Data for this exercise:
********************
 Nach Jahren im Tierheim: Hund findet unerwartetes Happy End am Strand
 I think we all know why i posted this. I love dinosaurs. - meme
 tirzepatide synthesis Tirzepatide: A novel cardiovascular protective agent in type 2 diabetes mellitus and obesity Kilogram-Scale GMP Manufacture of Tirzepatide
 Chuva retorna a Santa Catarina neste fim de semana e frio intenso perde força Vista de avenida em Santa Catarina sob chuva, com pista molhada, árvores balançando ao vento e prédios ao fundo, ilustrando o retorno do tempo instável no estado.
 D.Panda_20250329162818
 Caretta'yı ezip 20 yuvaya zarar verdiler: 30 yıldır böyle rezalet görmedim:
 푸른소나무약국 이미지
********************
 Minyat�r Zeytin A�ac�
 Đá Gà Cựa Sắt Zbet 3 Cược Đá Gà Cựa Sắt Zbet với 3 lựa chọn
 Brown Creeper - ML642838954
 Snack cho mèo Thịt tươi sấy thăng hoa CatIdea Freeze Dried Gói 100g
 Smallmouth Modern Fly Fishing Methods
********************
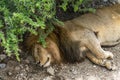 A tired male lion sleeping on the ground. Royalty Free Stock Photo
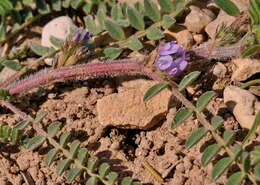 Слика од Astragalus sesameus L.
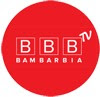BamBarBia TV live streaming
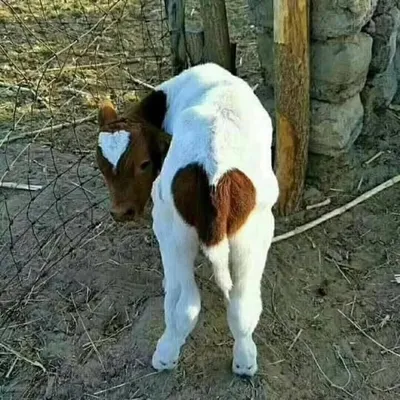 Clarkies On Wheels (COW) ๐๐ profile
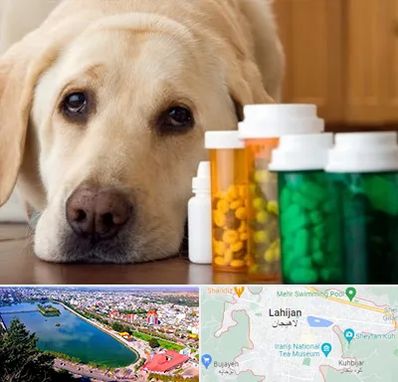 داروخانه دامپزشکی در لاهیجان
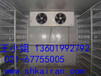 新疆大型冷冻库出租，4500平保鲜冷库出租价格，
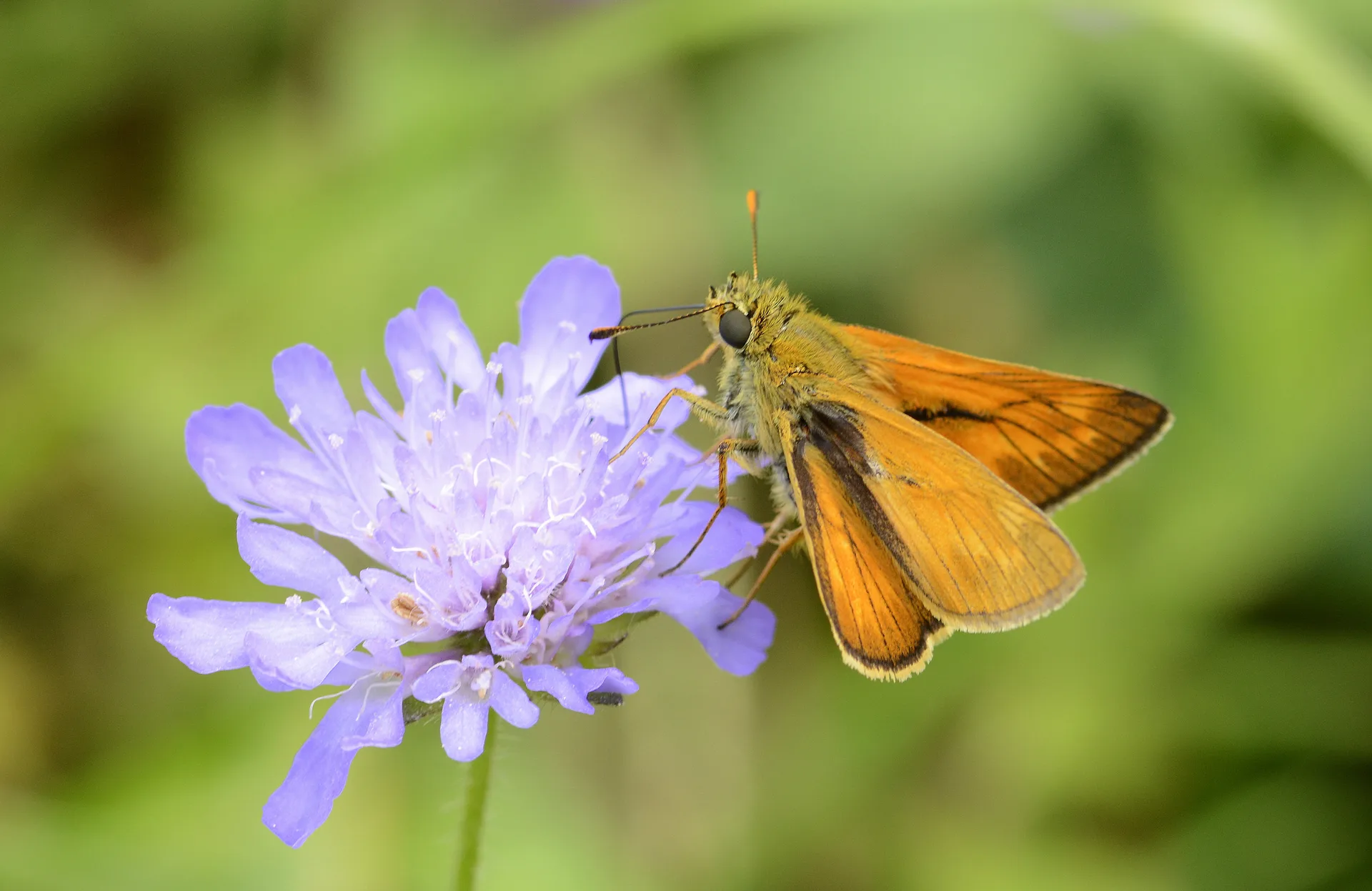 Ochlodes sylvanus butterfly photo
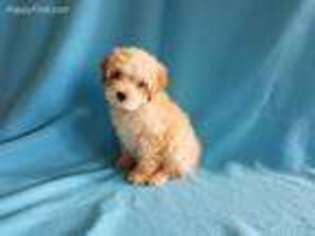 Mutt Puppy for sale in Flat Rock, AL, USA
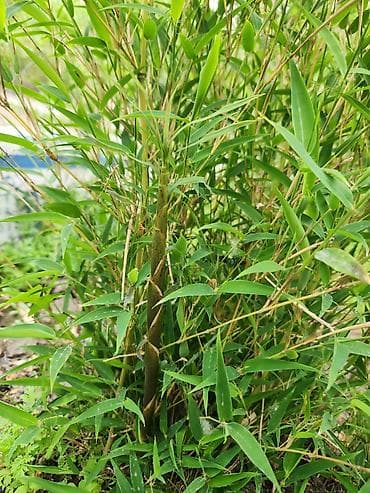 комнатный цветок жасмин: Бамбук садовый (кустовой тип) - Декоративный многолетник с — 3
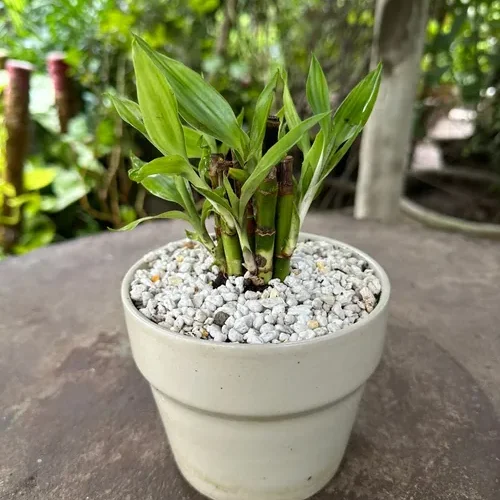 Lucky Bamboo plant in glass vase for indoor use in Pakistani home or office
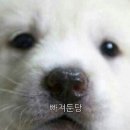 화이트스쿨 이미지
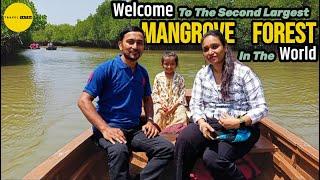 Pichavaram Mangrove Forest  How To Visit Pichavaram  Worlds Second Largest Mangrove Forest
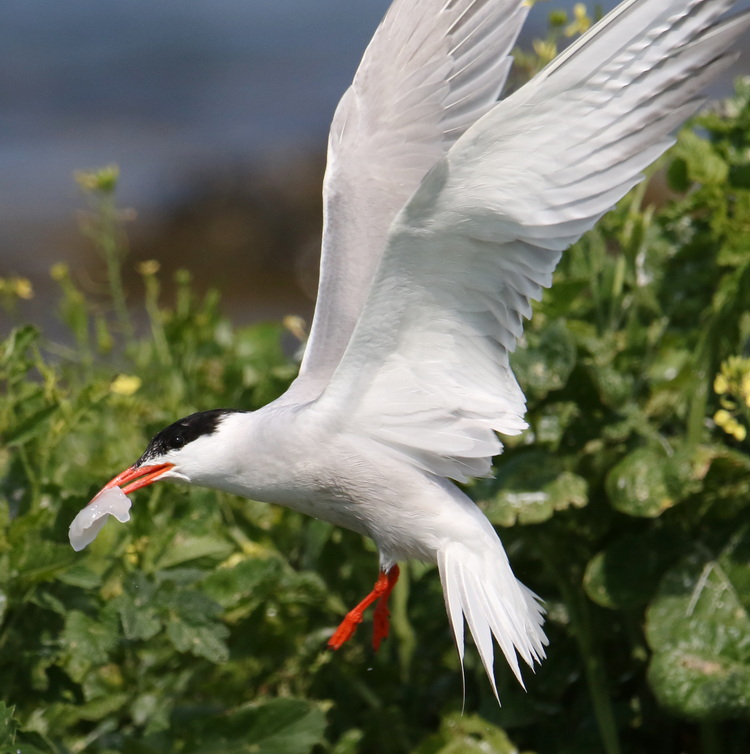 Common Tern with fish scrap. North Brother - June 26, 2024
********************
Look above for the line with "Pichavaram Mangrove Forest" and the line with "Common Tern with", then copy exactly the lines from the first through the second, both kept, with no pictures.

 Pichavaram Mangrove Forest  How To Visit Pichavaram  Worlds Second Largest Mangrove Forest
 Common Tern with fish scrap. North Brother - June 26, 2024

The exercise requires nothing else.